Le Viet-Nam, encore et toujours… Un pays que Ted Kotcheff connaît bien, lui qui vient de réaliser Rambo, l’un des plus gros succès sur le sujet. Il est vrai que nous sommes au début des années 80, la guerre américaine dans l’Asie du sud-est est terminée depuis 5 ans, mais ses séquelles, ses stigmates, ne sont pas résorbés. L’Amérique découvre un nouveau phénomène : les MIA, ou Missing in Action ; ces soldats pas morts officiellement et dont on ne sait pas si ils sont toujours vivants. Le pays apprend que rien n’est fait pour les rechercher, la guerre est finie et Washington est passée à "autre chose"… Un phénomène aussi traumatisant que la guerre elle-même, a-tel point que Hollywood va s’en emparer, sans doute "pour faire bouger les choses", trafiquer le récit national et au passage se faire plein de blé. C’est ainsi qu’arrive sur les écrans Retour vers l’enfer, qui sera suivi de Portés Disparus, Rambo II - dont c’est aussi le sujet - et pléthore de films de série B et de téléfilms.

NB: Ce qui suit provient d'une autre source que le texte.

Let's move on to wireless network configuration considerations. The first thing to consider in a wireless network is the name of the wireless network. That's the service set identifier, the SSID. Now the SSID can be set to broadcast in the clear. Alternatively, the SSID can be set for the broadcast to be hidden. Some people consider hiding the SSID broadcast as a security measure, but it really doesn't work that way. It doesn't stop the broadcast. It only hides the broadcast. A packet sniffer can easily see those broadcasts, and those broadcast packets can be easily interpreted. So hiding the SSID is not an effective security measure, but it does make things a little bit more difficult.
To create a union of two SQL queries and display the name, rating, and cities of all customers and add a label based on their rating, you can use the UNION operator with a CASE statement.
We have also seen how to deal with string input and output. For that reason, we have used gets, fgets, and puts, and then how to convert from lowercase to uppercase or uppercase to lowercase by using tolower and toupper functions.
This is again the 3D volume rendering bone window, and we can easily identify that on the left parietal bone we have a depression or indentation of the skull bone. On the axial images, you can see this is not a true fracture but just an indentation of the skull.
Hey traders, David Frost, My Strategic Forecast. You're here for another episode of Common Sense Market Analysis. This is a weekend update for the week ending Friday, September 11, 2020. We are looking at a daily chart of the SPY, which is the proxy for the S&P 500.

Dans cet espace embouteillé sur le sujet, Ted Kotcheff a opté pour la sobriété, le film est nettement moins spectaculaire que ses concurrents. Le scénario est pourtant identique d’un film à l’autre : normal, en l’absence d’appui de l’Etat, des vétérans encore fringuants montent une opération clandestine imparable. Sauf que rien ne se passe comme prévu, la CIA leur confisque leurs armes et ils vont devoir se débrouiller seuls sur le terrain. C’est vrai pour Stallone comme pour Chuck Norris et donc pour notre équipe réunie ici. Bref malgré quelques détails, tous ces films sont presque des copier-coller issus de la même matrice : il faut retourner là-bas, botter le cul des "niakoués" - pour de vrai cette fois-ci - et ramener nos petits gars chez nous. A aucun moment on va imaginer commettre des attentats sur des sénateurs US pour leur faire changer leur politique face aux laissés pour compte de leurs sales guerres… Ce serait trop subversif !

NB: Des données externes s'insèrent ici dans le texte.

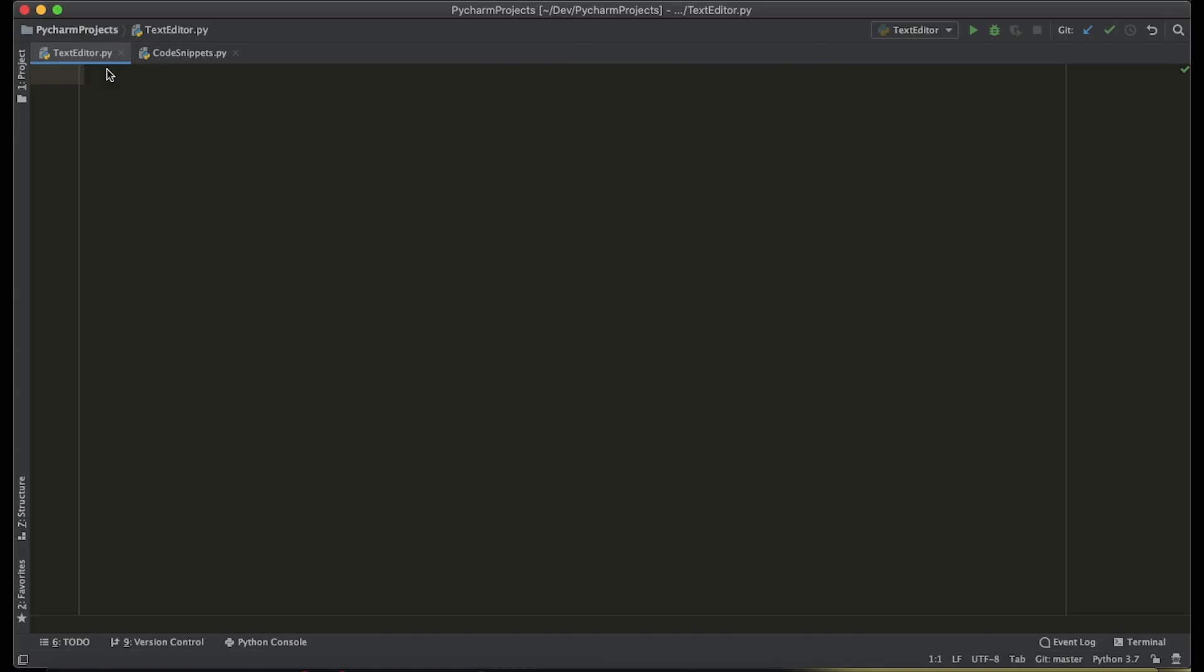Welcome everyone back to the channel and if you're new here welcome. In this video we're going to be creating a tkinter notepad in Python in under five minutes. We have no time to waste so let's get started.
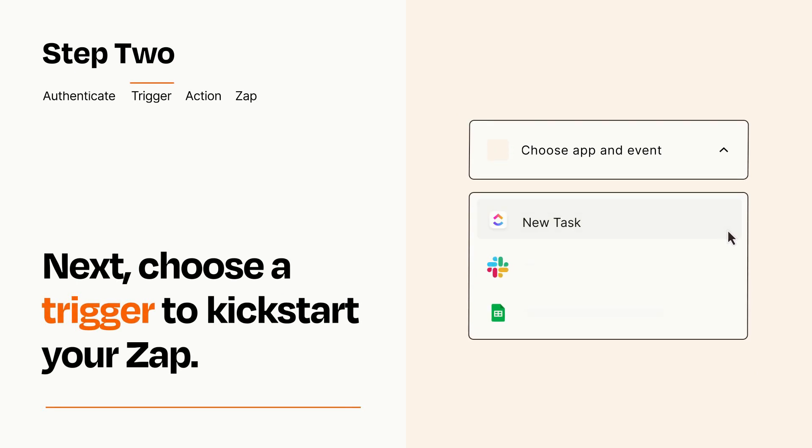Now let's set up your trigger, which is the event that starts your Zap. Pick the trigger event that you want from the list.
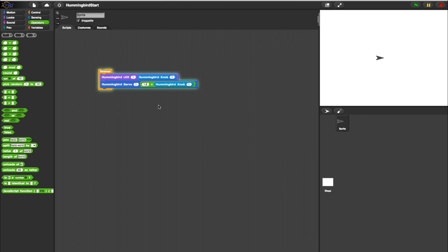And that is all there is to using Hummingbird sensors to directly control Hummingbird outputs. For more tutorials, check out our YouTube channel.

Alors, nous voilà face à un épisode de l’Agence Tout Risque version Cinémascope. Le film se découpe en 3 parties, comme un épisode de la sus-mentionnée série : on expose les faits et les rôles principaux échafaudent un plan ; ensuite, on recrute des experts qui vont s’entraîner clandestinement ; enfin, l’équipe prête et déterminée accomplit la mission. Visuellement d’ailleurs, nous sommes là aussi au même niveau que la série : crash d’hélicoptères sans le moindre mort, ennemis stupides et effets pyrotechniques très limités. La seule chose qui sauve ce film à mes yeux, est son casting plutôt sympathique. Gene Hackman et Robert Stack en maîtres d’oeuvre de l’opération, et une belle brochette de seconds couteaux qu’on aimerai encore revoir de nos jours : Fred Ward et Randall Cobb en tête. Avec en plus, un beau rôle pour les débuts du regretté Patrick Swayze.

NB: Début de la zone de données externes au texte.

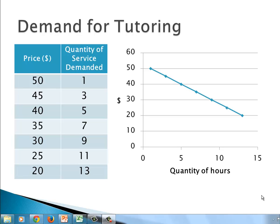Welcome to Dr. Pat TV. We're looking at functions, and one of the prime business examples that we have are the demand and supply curves and looking for equilibrium points. Let's take a moment to look over this example.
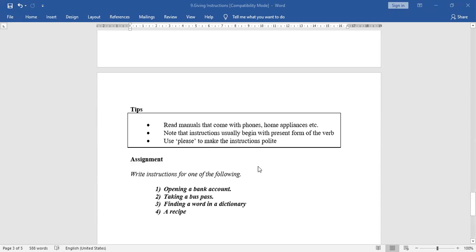Tips: read manuals that come with phones and home appliances like washing machines, fridges, and ACs. Note that instructions usually begin with the present form of the verb — use simple present tense. Use 'please' to make your instructions polite.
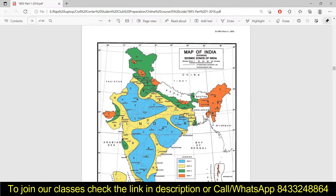Whenever you have to design a building, you need to find out which seismic zone it is in. All these seismic zones have a particular zone factor, and that is already built into the software. You can also find these values in the IS code book.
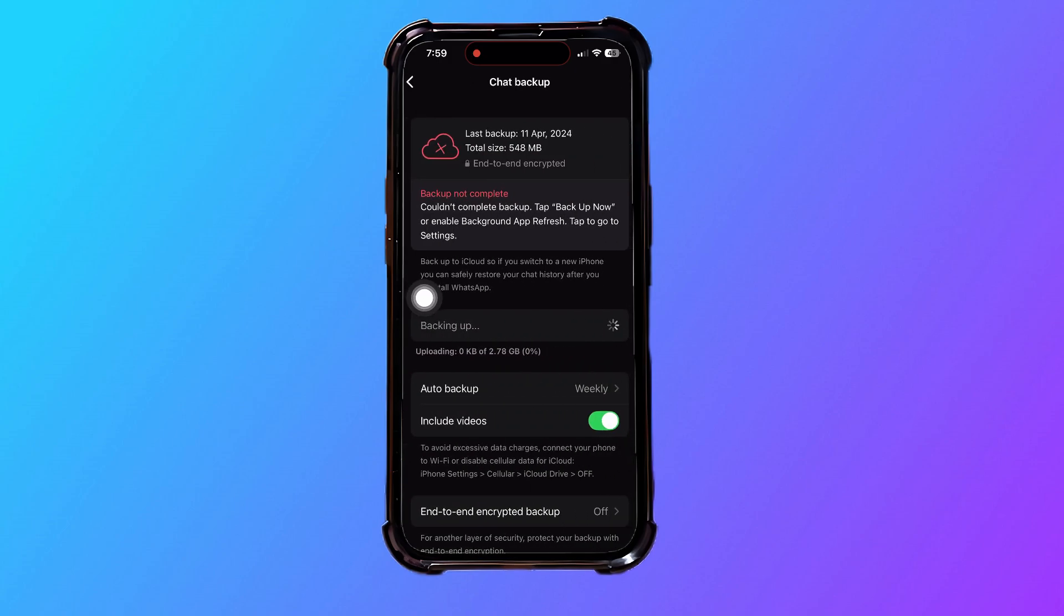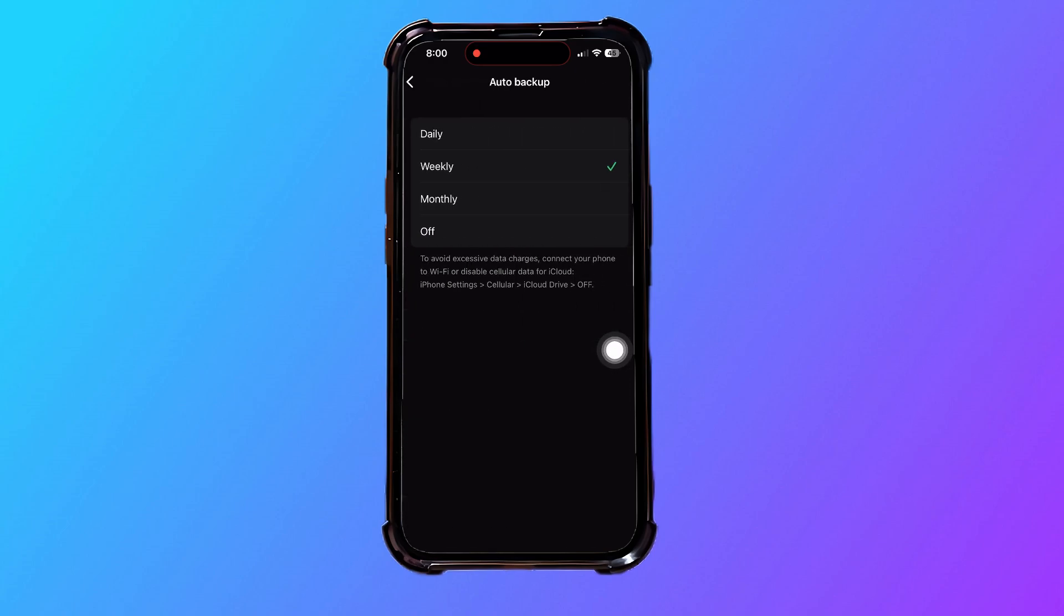Here you can view and manage your WhatsApp chat backup settings. Now, tap on auto backup as shown. You can choose how often you want to backup your chats. For example, select daily.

Je ne me souviens plus si Retour vers l’enfer - qui n’a rien à voir avec l’"autre" Retour vers l’enfer (Final Countdown) - a fait les beaux jours d’une Canal+ alors naissante mais je suppose que oui car je crois me souvenir l’avoir vu sur cette chaîne dans ma jeunesse. Dans cette machine de propagande qu’est Hollywood, RVLE n’est clairement pas le pire film sur le Viet-Nam, il est même plutôt sympathique, et a le bon goût de final cutter juste au bon moment, pour ne pas en faire plus. Façon de dire : voilà c’est tout, vous savez ce qu’il vous reste à faire… vous les politocards.
A voir pour parfaire sa culture ou pour une bonne petite virée guerrière, mais sur le sujet il y a eu bien mieux depuis. On va dire qu’il a le mérite d’avoir lancé le mouvement.